С другой стороны, сегодня я даже не понимаю: «не шибко хорошее» сочинение Быкова – это тот же Проханов, только наоборот. А Данилкин тогда был прохановским поклонником, посвятил писателю монументальную (хотя и с юродством) книгу – «Человек с яйцом».

Я пробовал сейчас читать «ЖД» вновь, десять лет спустя, – и опять воротит с души.

Быков, действительно, угадал, напророчил: война идёт, уже три года. Только не так – намного страшнее и неправеднее, не там – не в самой России, и гибнут живые, конкретные люди,– и герои, и бесы, и ни чем непричастные. Но не измышленные в романе (или поэме?), не картонные фигурки, которых Быкову принципиально не жалко.

Но в «ЖД» Быков ещё воплотил свою экстравагантную (до того уже им заявленную, – в «Философических письмах», например) концепцию отечественного прошлого. У неё есть, безусловно, вразумительная грань, которая в изложении Прилепина выглядит так: «Россия идёт по одному заданному кругу: от диктатуры к оттепели, от оттепели к застою, от застоя к революции – и опять по кругу. Страна наша вовсе не имеет истории – в отличие от всех остальных стран,– но имеет замкнутый цикл».

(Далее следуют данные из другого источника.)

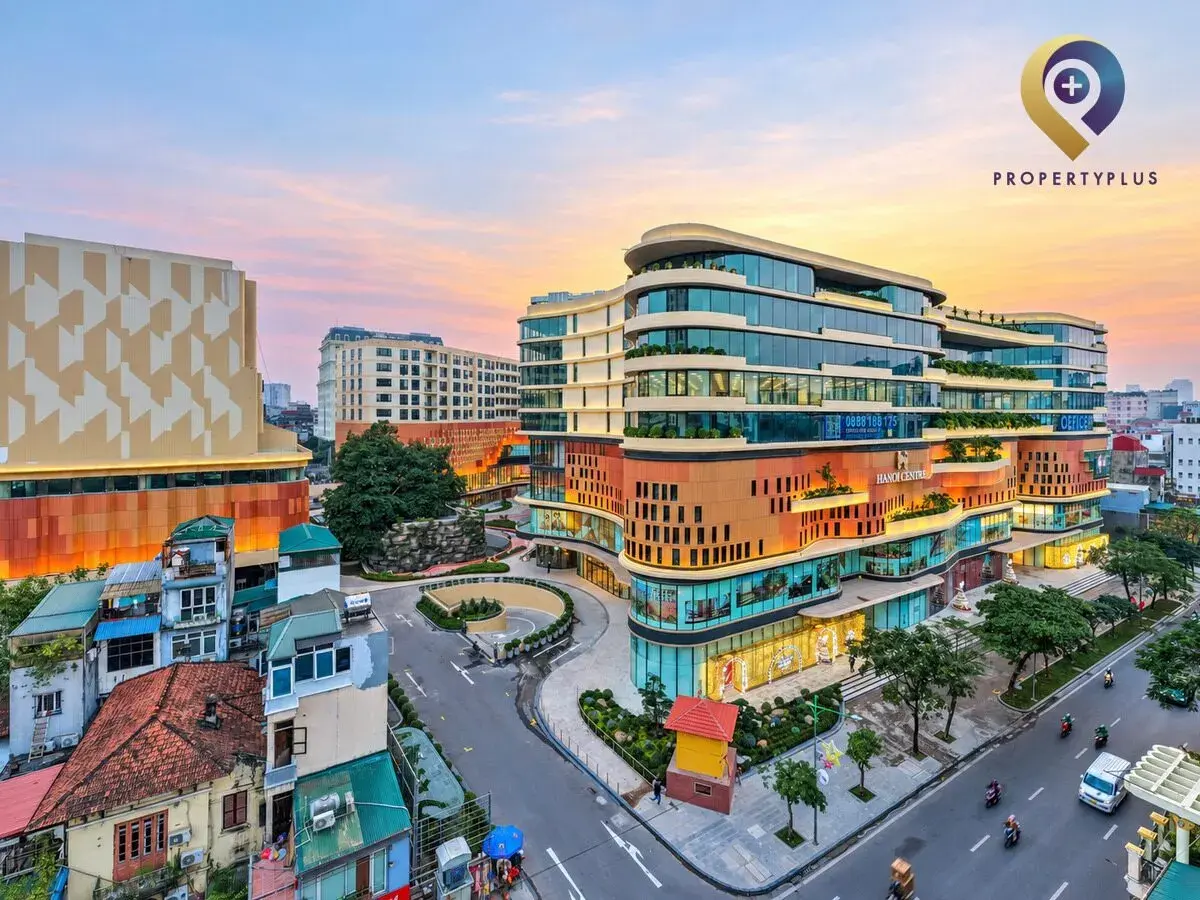Review Tiến Bộ Plaza Hạng A - Trải Nghiệm VP Tiêu Chuẩn LEED Gold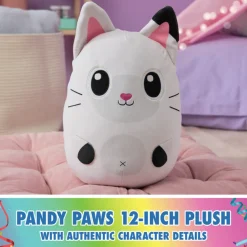 Gabby's Dollhouse 12 Inch Gabby Trend Plush Pandy Paws Clearance
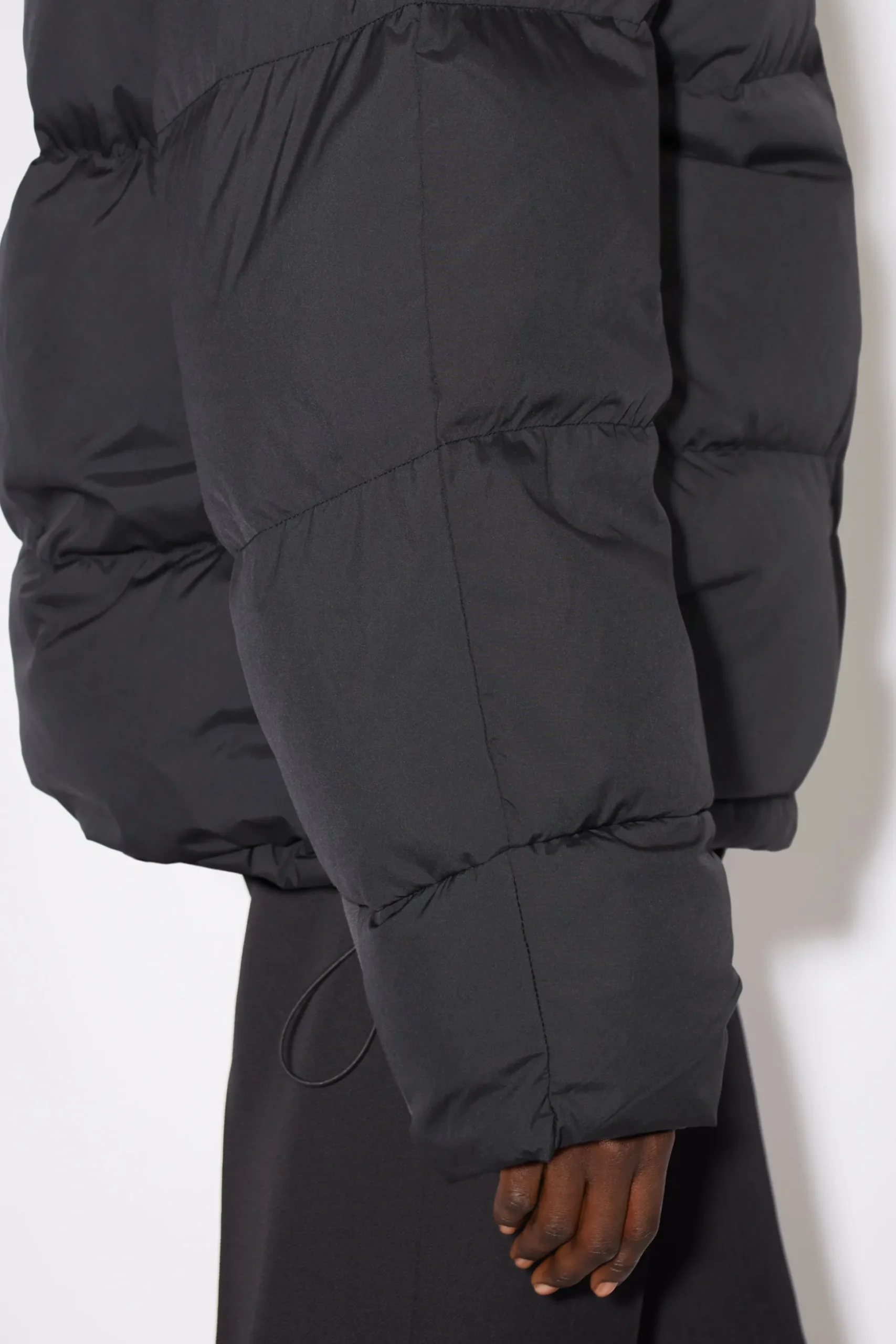 Pufferjacke Mit Daunen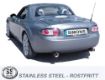 Billede af Simons sportslyddæmper Mazda MX-5 NC 2005–2015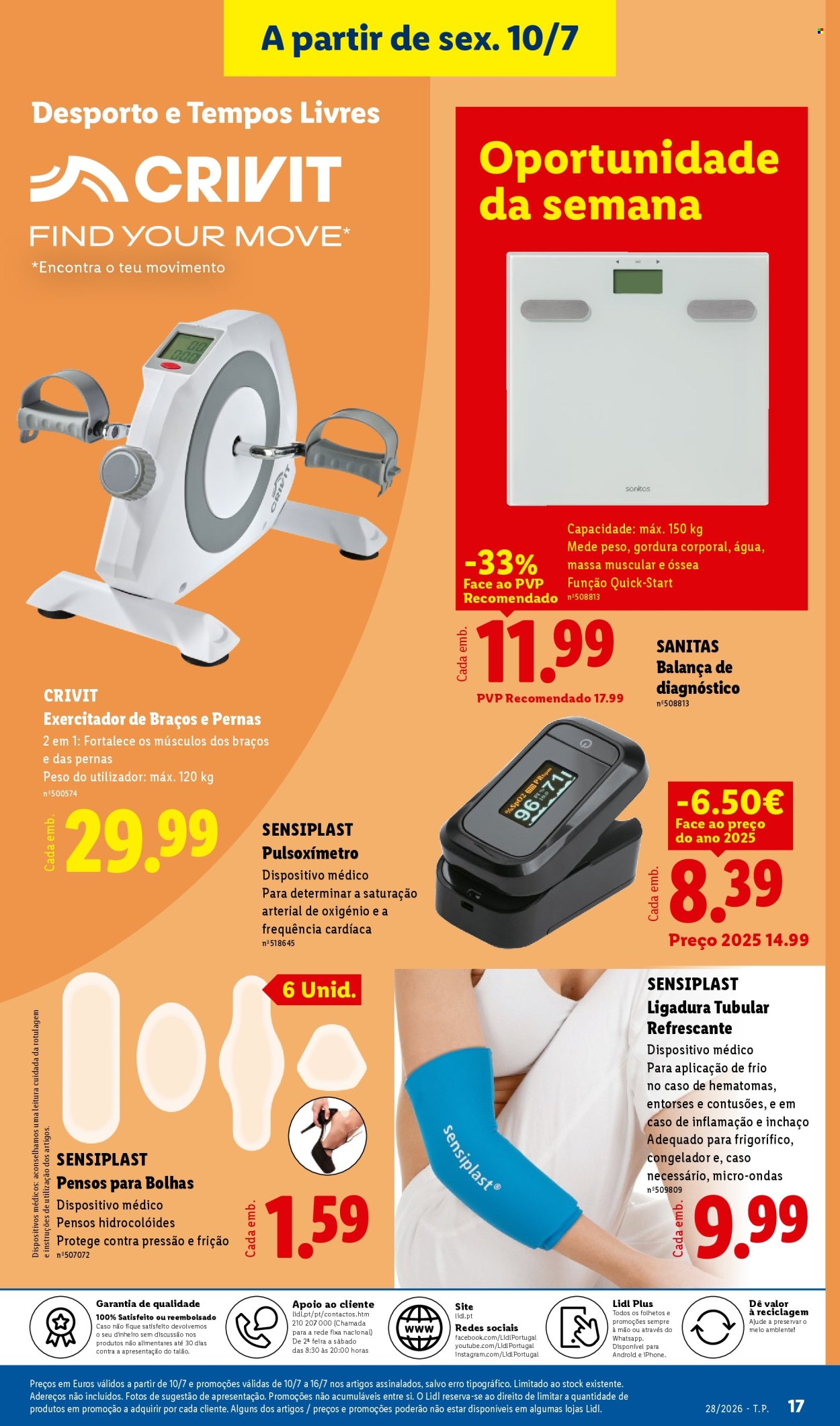 Folheto Lidl - 6.7.2026 - 12.7.2026. Página 17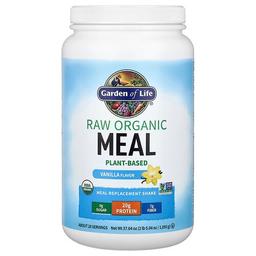 Garden Of Life Raw Organic Meal Replacement Shake Vanilla 2 Lbs 5 04 Oz 1 050 G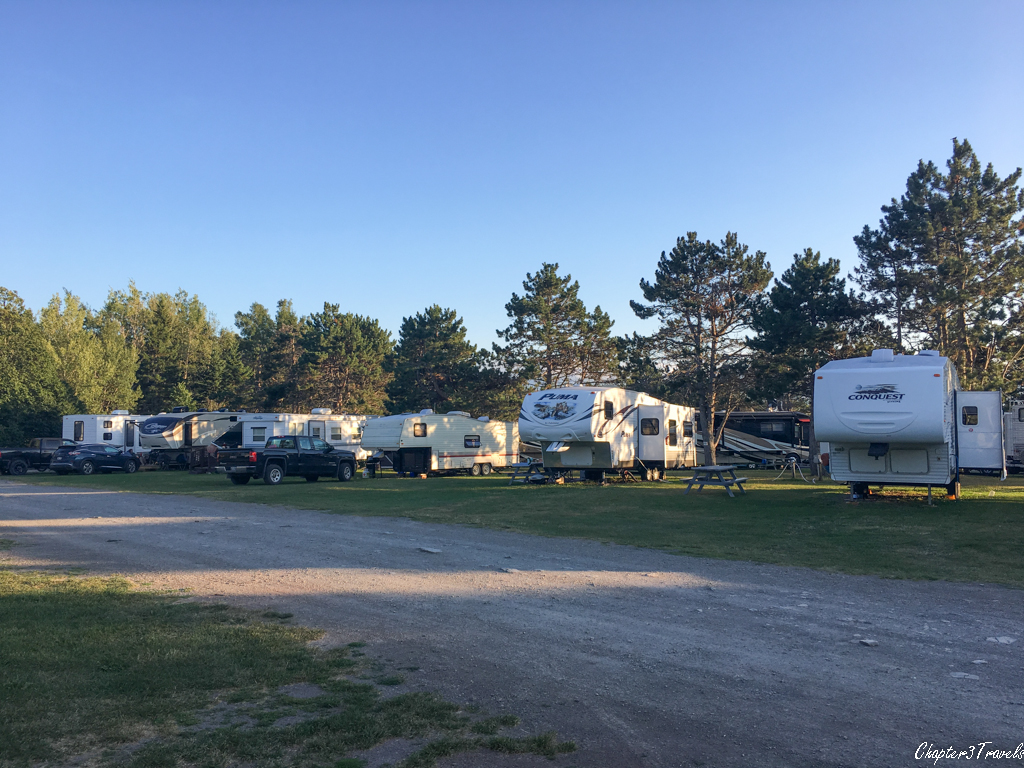 Stonehurst Trailer Park and Golf Course in Moncton, New Brunswick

Всевозможные циклы в истории наблюдались и до Быкова, потому в его подходе нельзя не видеть рационального и российской давности (данности) не противоречащего. Но Прилепин продолжал: «Быков явно относится к своей идее крайне серьёзно. А я – несерьёзно. История у нас есть, вдохновенная и прекрасная. Быков обнаружил в ней круг, но если долго смотреть на неё, то можно обнаружить треугольник, параллелепипед и даже что-то вроде зигзага иногда».

Прилепин, понятно, хотел, как всегда в те молодые, славные для него годы, жизнерадостно отшутиться, однако слово «зигзаг» выбрал явно не шутя.

Но нашлось ещё более точное, хотя неуклюжее и заковыристое, чтобы передать то, что Россия произвела в последние сто лет над собой. Я встретил это слово всё у того же Владимира Мартынова: «...Национальная судьба явным образом подала свой знак, обозначив себя в словах Ельцина «Такая вот загогулина вышла». Ельцин был одним из немногих постсоветских (а, может быть, не только постсоветских, но и советских) государственных деятелей, кто был способен к высказыванию не только на уровне национальной идеи, но и оказался способным озвучить импульс, идущий из бездонных недр национальной судьбы. То ли он на самом деле оказался доверенным лицом абсолютного духа, то ли он просто был запойным пьяницей, но так или иначе именно через него иероглиф российской национальной судьбы явил себя как загогулина. Загогулина – это наше всё. Белый дом, ставший наполовину чёрным в результате танкового обстрела, есть, конечно, ни что иное, как загогулина. Загогулиной являлся и сам Ельцин, так и не смогший выйти из самолёта на встречу с президентом в аэропорту в Ирландии… Словом «загогулина» можно определить и всё то, что произошло с нами, и нас самих. Здесь, конечно же, можно много говорить о перестройке и постперестройке, о рынке, демократии и либерализме, патриотизме, великой русской культуре и об особенном, ни на что не похожем русском пути, но всё это будет лишь словами, которые описывают реальность и её сегменты, в то время как слово «загогулина» каким-то непостижимым образом отражает состояние пребывания в реальности».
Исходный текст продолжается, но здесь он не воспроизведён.